In Newsweek, Robert J Samuelson acknowledges that the equivalent of Peak Oil is here – demand has outstripped supply – and quotes economist of CIBC World Markets as saying that this will help U.S. manufacturing: no longer can jobs go overseas with such impunity. Relocalization works for manufacturing as well as food. Indeed, I’ve already read of a case where IKEA moved a manufacturing plant to the U.S. for this reason – it was cheaper to build bookcases here than to ship them in from elsewhere.
Samuelson can’t see past the current infrastructure, unfortunately, but the Economist can. In their most recent issue, entitled “The Future of Energy,” the editors cite this “failure of imagination” as the key to our problem with energy.
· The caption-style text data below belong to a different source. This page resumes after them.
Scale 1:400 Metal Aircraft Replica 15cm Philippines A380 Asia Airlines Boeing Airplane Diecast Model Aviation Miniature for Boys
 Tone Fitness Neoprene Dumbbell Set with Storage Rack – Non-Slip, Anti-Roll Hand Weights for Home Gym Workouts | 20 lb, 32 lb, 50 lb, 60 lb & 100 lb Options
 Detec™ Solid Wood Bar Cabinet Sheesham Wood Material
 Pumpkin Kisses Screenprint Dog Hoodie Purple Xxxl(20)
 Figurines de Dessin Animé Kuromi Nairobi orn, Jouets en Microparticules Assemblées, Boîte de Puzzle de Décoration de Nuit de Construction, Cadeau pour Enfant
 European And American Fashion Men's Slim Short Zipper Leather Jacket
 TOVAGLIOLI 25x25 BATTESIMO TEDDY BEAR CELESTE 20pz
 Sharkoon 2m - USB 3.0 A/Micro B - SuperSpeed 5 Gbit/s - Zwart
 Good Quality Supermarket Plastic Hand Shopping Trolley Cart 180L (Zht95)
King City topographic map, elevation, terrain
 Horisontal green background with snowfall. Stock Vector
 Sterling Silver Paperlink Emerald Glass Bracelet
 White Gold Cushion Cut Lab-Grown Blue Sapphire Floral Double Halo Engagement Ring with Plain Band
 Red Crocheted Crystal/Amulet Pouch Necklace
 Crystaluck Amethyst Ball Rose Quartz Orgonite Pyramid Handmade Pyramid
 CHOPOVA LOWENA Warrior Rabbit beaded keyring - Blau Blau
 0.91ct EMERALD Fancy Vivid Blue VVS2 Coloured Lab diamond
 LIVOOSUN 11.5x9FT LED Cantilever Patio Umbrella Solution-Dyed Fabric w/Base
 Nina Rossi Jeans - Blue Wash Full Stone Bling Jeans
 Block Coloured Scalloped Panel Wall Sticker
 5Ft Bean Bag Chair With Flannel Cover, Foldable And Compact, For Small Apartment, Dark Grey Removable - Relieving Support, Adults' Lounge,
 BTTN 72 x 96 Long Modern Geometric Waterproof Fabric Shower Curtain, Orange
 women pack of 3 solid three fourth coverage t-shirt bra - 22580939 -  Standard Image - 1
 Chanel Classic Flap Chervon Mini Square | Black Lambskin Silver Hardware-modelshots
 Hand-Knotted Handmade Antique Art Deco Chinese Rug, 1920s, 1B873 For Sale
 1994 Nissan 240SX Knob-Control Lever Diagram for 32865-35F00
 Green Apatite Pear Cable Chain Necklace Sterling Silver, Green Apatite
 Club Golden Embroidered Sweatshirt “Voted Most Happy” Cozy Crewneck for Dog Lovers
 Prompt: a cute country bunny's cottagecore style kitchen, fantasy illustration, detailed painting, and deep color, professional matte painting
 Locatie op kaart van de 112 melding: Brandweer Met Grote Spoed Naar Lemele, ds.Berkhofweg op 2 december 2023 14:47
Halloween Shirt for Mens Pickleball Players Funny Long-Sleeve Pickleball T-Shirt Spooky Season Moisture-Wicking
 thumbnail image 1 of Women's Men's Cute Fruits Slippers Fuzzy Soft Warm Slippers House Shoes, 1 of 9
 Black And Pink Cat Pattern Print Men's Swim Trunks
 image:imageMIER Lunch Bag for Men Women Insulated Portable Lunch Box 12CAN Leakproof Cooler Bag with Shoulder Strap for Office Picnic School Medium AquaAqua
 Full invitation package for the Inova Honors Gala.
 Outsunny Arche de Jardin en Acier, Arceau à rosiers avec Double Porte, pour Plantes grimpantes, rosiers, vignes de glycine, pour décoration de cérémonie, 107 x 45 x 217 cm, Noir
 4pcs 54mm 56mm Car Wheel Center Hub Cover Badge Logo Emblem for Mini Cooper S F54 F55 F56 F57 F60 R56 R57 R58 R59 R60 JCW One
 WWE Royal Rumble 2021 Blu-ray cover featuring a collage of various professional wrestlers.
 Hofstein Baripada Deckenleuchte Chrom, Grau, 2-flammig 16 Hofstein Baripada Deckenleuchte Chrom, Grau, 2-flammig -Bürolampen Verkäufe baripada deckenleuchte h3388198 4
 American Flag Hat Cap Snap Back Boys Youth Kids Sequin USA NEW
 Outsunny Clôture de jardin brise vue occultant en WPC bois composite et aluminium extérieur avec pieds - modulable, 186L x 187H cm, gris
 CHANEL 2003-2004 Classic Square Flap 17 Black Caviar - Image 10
They put forward instead ideas for “a world where, at one level, things will have changed beyond recognition, but at another will have stayed comfortably the same, and may even have got better.”
What patently doesn’t work is to cling to a wasteful system that’s loaded with problems and is incontrovertibly beginning the decline of its useful life. To quote the out-of-game “addiction” teaser for World Without Oil: “You know that it’s bad for you. You’ll cut back someday.” More drilling and more wars are the addict’s groping for one more fix: they solve nothing and don’t change the fundamental forces at work.